Continues after the jump.

“While there are some positive changes, the overall trend with prisoners here is getting worse. In D.C., the police arrest roughly 25,000 people a year. Eighteen thousand of those people go through the jail. Obviously, poorer and African-American communities are disproportionately affected. These areas are so heavily policed that it is hard not to get arrested. My favorite statistic is that D.C. sends more people to prison for violations of the terms of their parole than for felonies. That means that more people go to jail for not actually committing a crime than for committing a crime, which is ridiculous. If we had control over our parole system, that would cut down on thousands of people going to jail. But, there doesn’t seem to be a real interest in addressing these problems.
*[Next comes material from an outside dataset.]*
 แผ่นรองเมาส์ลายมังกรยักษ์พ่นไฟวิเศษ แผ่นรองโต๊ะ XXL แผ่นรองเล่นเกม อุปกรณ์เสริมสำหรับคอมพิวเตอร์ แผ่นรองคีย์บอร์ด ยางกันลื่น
“Parole is another big issue in the District. When D.C. switched from local to federal control, the U.S. Parole Commission took over control of parole in the District from the D.C. Board of Parole. As a result, hundreds of D.C. prisoners were denied parole because they were now being assessed by different guidelines. When D.C. was in control, a parole board could not take into account your crime, unless it was particularly heinous, when deciding on parole. The parole decision was to be made based on your conduct in jail and your rehabilitation. In the last year, we worked with a number of law firms to release somewhere between 400 and 500 people denied fair access to a parole hearing.
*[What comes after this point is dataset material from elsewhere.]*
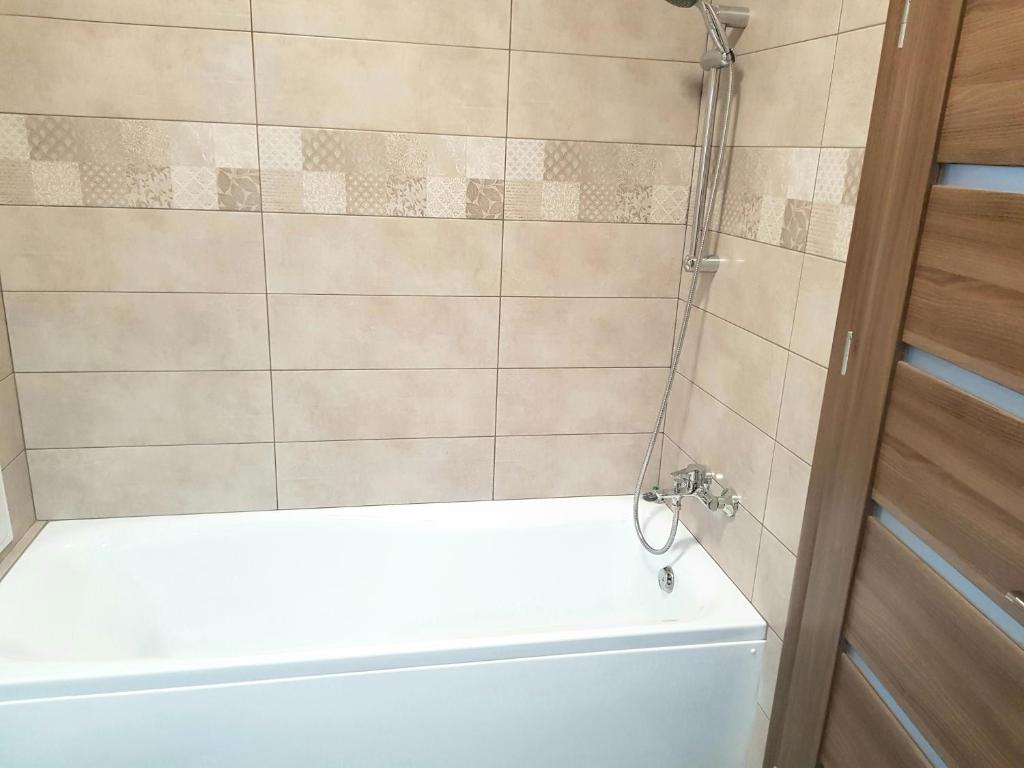 a bathroom with a bath tub and a shower at HappyHome Central Deluxe Apartments in Oradea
“Hopefully, the more people who visit prisons and understand the horrible conditions in some of these places, the more they will become sympathetic to prisoners’ rights. The people in these prisons are not all monsters. However, many people view them as less than human, which opens the door to do all kinds of terrible things to them. Now, a prisoner can be placed in segregation, which could mean being alone in a sensory deprivation cell with almost no human contact whatsoever for months or years. That is not a humane way to treat people. While they are criminals, that doesn’t mean that we can overlook their basic rights.
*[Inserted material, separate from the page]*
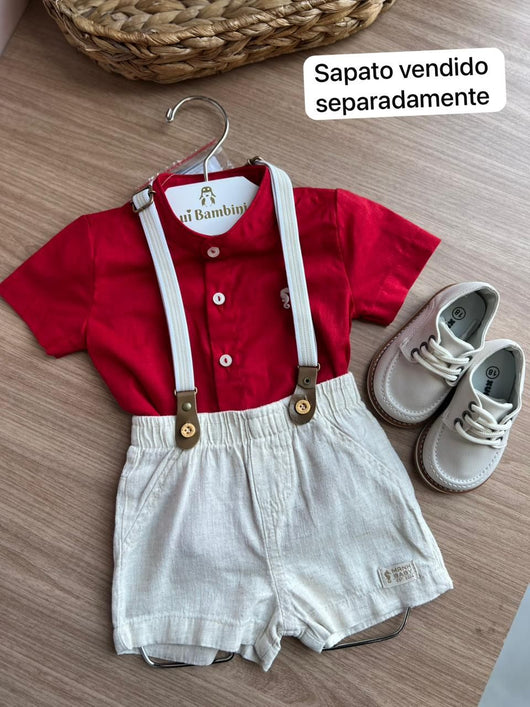 CONJUNTO CAMISA GOLA PADRE MANGA CURTA COM SUSPENSÓRIO E BERMUDA LINHO MENINO ONDA MARINHA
“After almost twenty years of working as a lawyer with numerous groups, I can say, oddly enough, that prisoners are the most enjoyable group to work with. They are so grateful for what you do. I do the best that I can for them, but have also learned from my career in public-interest law to set my expectations low and to shield people from the worst of this system. Still, I have seen successes. Every so often, I walk down the street and someone will grab me, shake my hand, and thank me. Sometimes I know the person and sometimes I don’t, but they were someone helped by our program. It is a nice feeling.”